**YOUR ASSIGNMENT:**
Since the listing below shows pictures, leave them out and write out exactly the lines from the line with "Semwiss Women's Ballet" to the line with "2012 HONDA CIVIC", both included, and no others.

**RECORDS FOR THIS EXERCISE:**
[Start of section]

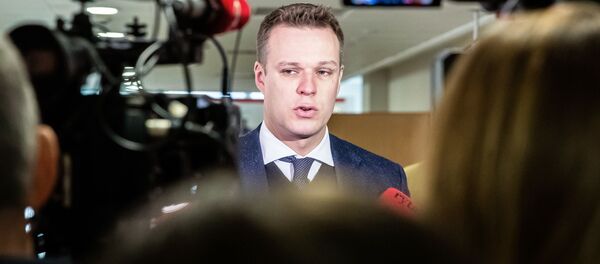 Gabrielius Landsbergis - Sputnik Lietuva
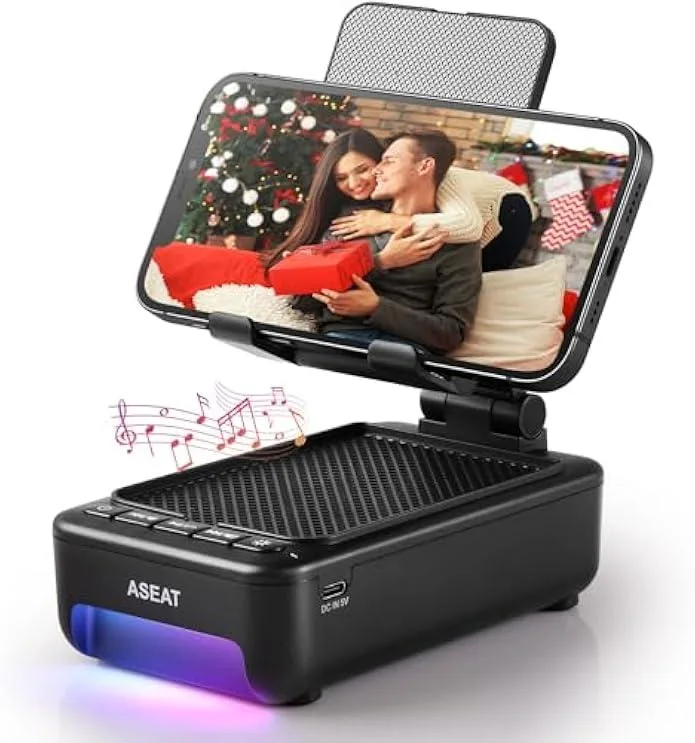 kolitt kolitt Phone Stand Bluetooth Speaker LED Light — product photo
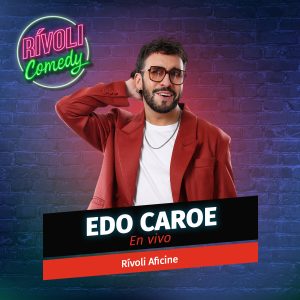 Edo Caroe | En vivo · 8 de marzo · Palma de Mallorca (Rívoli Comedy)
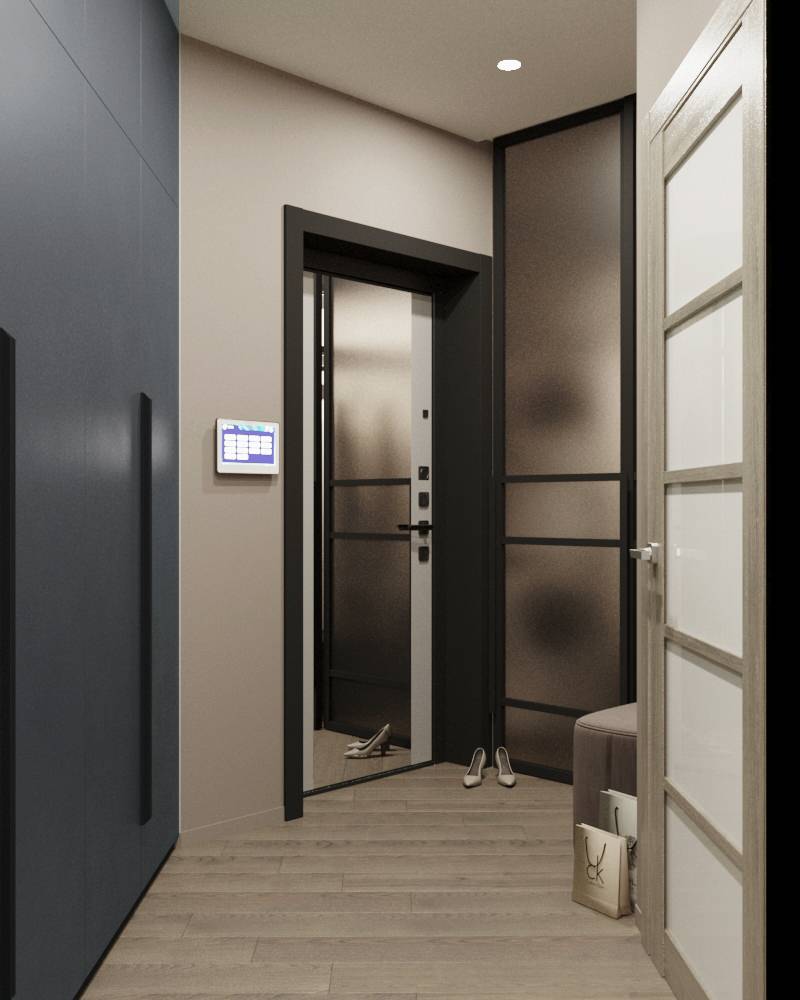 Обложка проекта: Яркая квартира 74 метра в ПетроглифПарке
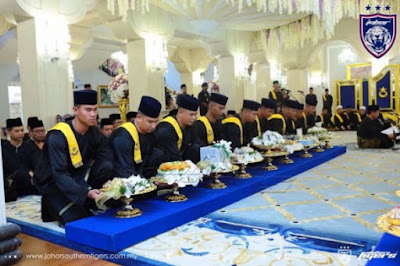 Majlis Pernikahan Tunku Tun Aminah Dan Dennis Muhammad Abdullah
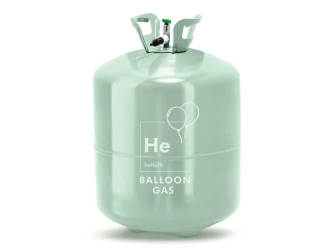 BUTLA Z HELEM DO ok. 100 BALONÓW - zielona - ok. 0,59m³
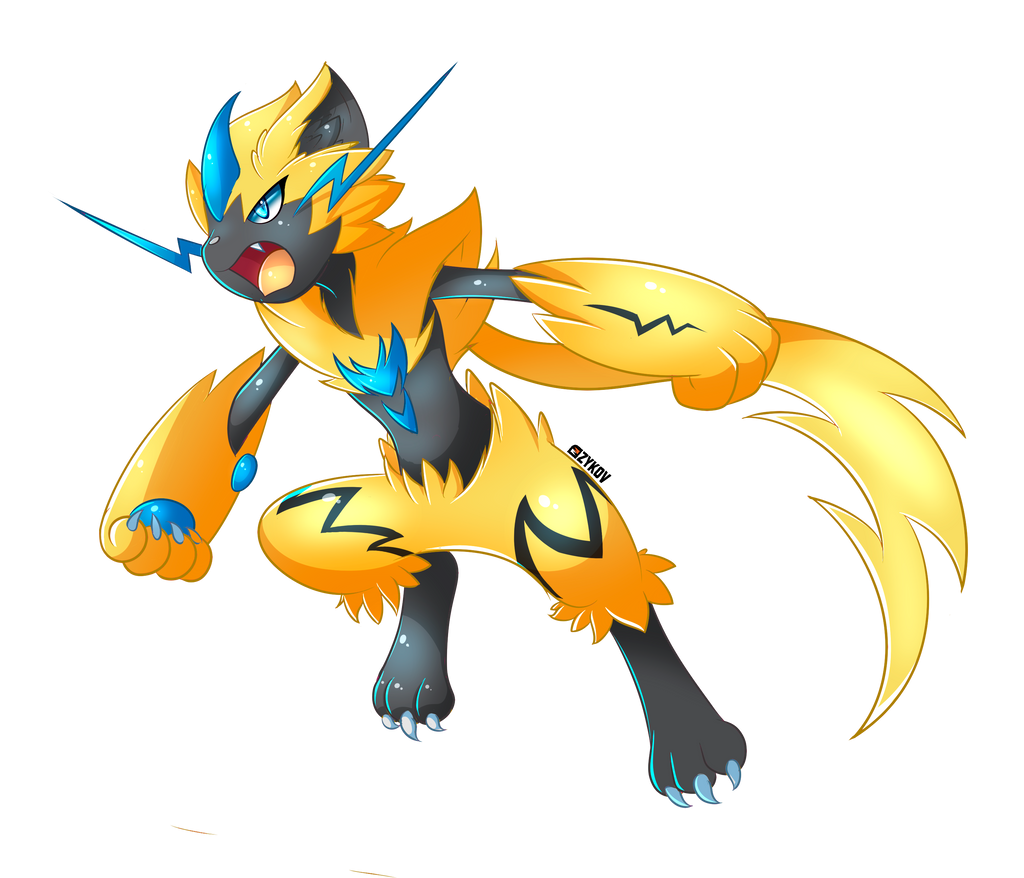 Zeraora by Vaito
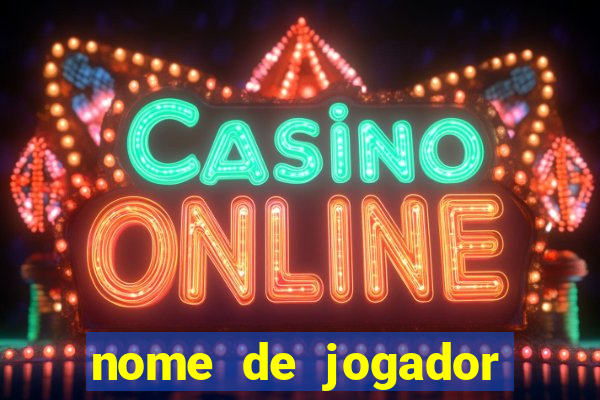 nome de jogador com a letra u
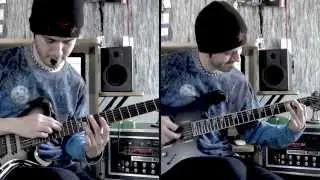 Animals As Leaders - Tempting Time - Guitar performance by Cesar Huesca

[End of section]
[Start of section]

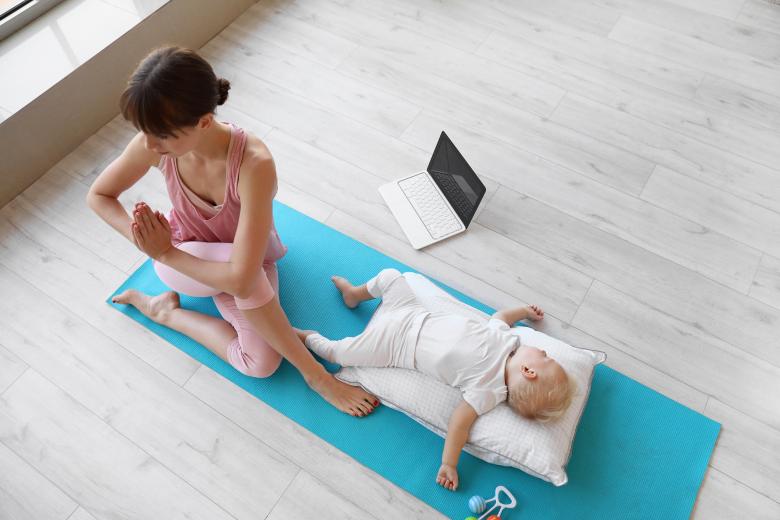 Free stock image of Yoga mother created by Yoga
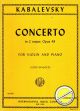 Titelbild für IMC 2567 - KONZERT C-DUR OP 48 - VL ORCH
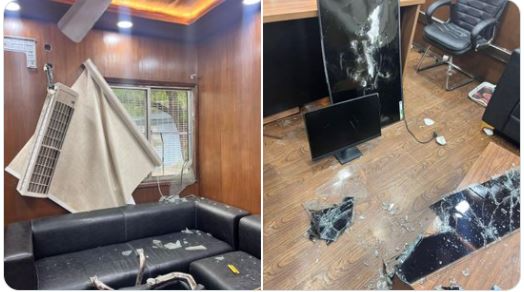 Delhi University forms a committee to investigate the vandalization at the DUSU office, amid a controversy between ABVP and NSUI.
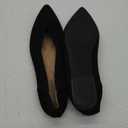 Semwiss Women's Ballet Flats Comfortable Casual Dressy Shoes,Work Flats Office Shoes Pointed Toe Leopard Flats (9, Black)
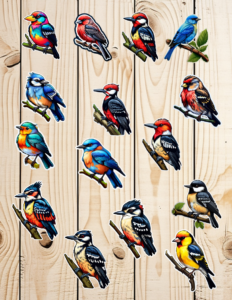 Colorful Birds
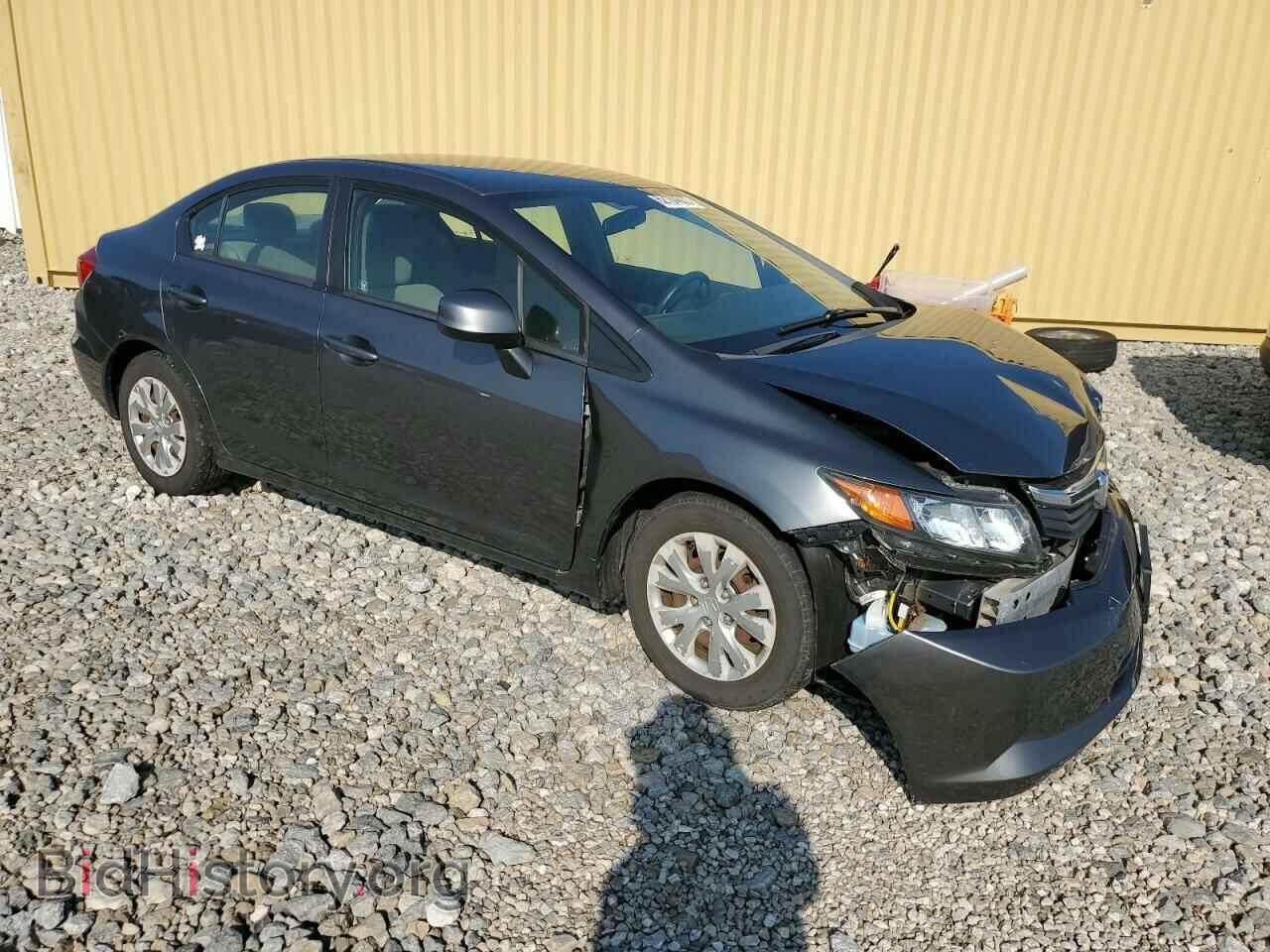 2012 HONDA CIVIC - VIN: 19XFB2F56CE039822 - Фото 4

[End of section]
[Start of section]

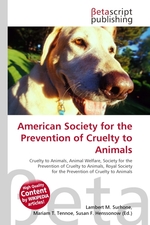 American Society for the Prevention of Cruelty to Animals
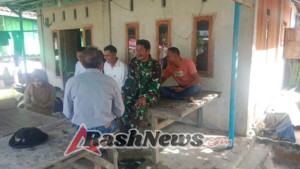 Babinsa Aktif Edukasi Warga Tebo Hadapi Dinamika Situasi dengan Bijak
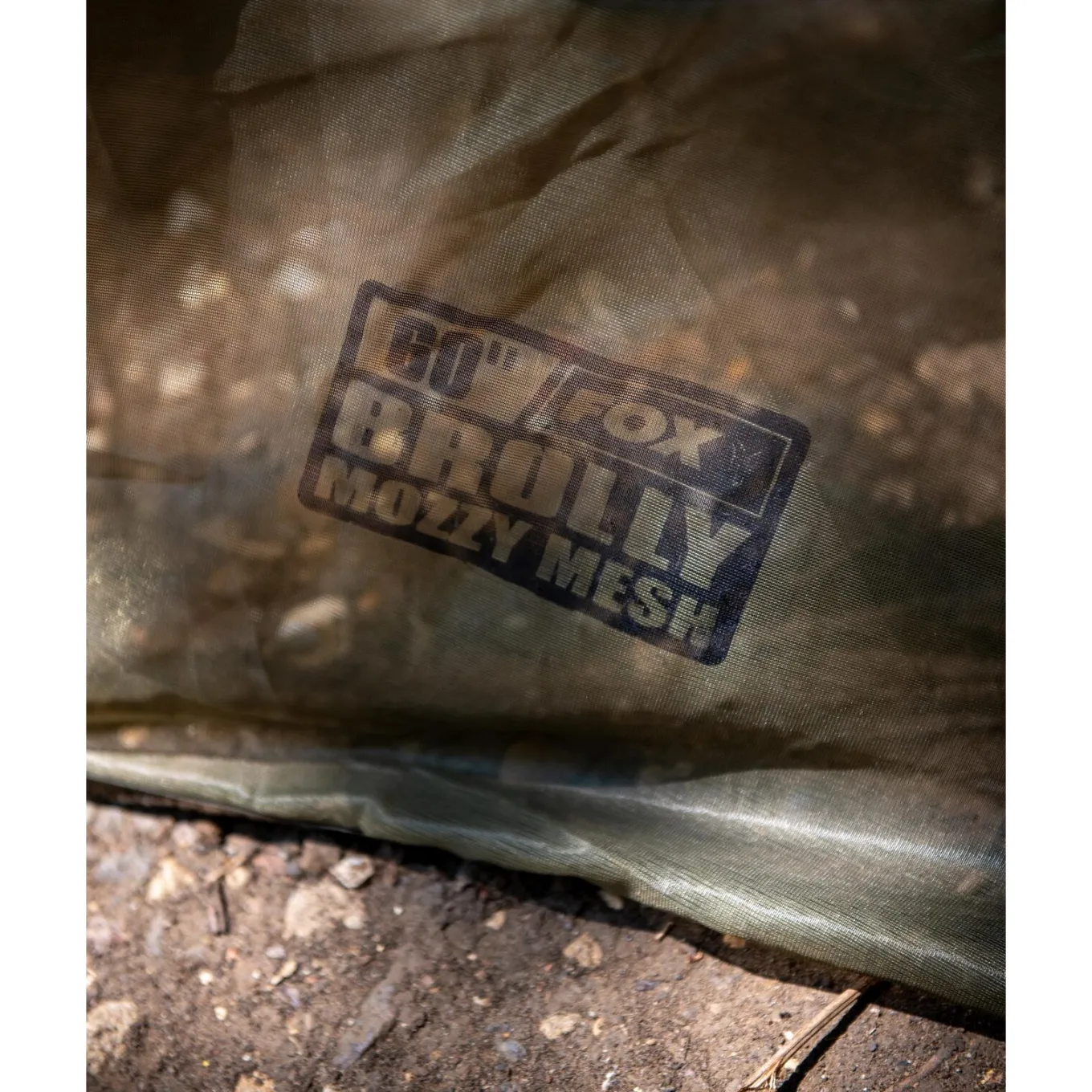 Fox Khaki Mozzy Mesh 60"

[End of section]

**EXERCISE SOLUTION:**
 Semwiss Women's Ballet Flats Comfortable Casual Dressy Shoes,Work Flats Office Shoes Pointed Toe Leopard Flats (9, Black)
 Colorful Birds
 2012 HONDA CIVIC - VIN: 19XFB2F56CE039822 - Фото 4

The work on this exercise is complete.